Non-limiting embodiments of the present disclosure address the aforementioned shortcomings of currently available optical instruments by providing a defect depth estimation system configured to estimate a depth of defect included in an inspected part based on images provided from an optical instrument. In a first embodiment, the defect depth estimation system utilizes supervised learning that leverage optical instrument images, ACI imageries, and an associated ground truth (ACI measurements, white light/blue light depth scans, etc.) to learn a model that directly infers depth of defects from input images.
In a second embodiment, the defect depth estimation system estimates the depth of a defect by exploiting a temporal nature of the video frames. In particular, the defect depth estimation system analyzes consecutive frames to understand the 3D structure of the defect, and in turn subsequently estimate the depth of the defect.

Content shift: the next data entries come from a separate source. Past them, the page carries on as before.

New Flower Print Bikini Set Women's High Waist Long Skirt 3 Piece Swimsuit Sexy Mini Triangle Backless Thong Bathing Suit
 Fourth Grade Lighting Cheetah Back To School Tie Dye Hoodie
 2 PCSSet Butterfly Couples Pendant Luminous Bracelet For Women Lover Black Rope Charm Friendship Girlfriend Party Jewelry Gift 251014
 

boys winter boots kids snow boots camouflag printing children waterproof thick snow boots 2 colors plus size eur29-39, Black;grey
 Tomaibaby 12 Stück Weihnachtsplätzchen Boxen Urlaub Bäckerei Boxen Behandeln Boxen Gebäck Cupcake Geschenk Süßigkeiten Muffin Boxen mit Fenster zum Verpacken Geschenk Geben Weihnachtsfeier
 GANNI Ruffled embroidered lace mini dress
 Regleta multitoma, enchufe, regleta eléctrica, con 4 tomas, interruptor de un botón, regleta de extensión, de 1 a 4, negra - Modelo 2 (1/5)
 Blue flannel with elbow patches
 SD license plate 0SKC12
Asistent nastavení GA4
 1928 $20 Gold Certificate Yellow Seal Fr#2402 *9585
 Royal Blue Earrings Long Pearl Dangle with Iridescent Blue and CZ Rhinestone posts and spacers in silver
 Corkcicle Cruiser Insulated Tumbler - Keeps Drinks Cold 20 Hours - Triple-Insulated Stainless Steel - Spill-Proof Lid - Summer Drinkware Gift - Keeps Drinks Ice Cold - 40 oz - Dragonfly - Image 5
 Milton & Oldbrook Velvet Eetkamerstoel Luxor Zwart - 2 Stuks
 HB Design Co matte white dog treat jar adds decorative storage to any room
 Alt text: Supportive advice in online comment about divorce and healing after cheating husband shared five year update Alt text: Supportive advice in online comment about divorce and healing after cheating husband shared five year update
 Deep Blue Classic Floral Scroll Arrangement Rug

Referring now to FIG. 2 , an imaging system 100 is illustrated which includes a processing system 102 and an image sensor 104. The image sensor 104 can be implemented in an optical instrument 105, for example, which can analyze one or more test objects 108 appearing within a field of view (FOV) 110. The optical instrument 105 includes, but is not limited to, a borescope, an endoscope, a fiberscope, a videoscope, or other various known inspection cameras or optical instruments that generate 2D monocular images and/or video frames without using a depth sensor. The test object 108 described herein is an aircraft turbine blade, for example, but it should be appreciated that the image sensor 104 described herein can analyze other types of test objects 108 without departing from the scope of the invention.
The processing system 102 includes at least one processor 114, memory 116, and a sensor interface 118. The processing system 102 can also include a user input interface 120, a display interface 122, a network interface 124, and other features known in the art. The image sensors 104 are in signal communication with the sensor interface 118 via wired and/or wireless communication. In this manner, pixel data output from the image sensor 104 can be delivered to the processing system 102 for processing.
The processor 114 can be any type of central processing unit (CPU), or graphics processing unit (GPU) including a microprocessor, a digital signal processor (DSP), a microcontroller, an application specific integrated circuit (ASIC), a field programmable gate array (FPGA), or the like. Also, in embodiments, the memory 116 may include random access memory (RAM), read only memory (ROM), or other electronic, optical, magnetic, or any other computer readable medium onto which is stored data and algorithms as executable instructions in a non-transitory form.
The processor 114 and/or display interface 122 can include one or more graphics processing units (GPUs) which may support vector processing using a single instruction multiple data path (SIMD) architecture to process multiple layers of data substantially in parallel for output on display 126. The user input interface 120 can acquire user input from one or more user input devices 128, such as keys, buttons, scroll wheels, touchpad, mouse input, and the like. In some embodiments the user input device 128 is integrated with the display 126, such as a touch screen. The network interface 124 can provide wireless and/or wired communication with one or more remote processing and/or data resources, such as cloud computing resources 130. The cloud computing resources 130 can perform portions of the processing described herein and may support model training.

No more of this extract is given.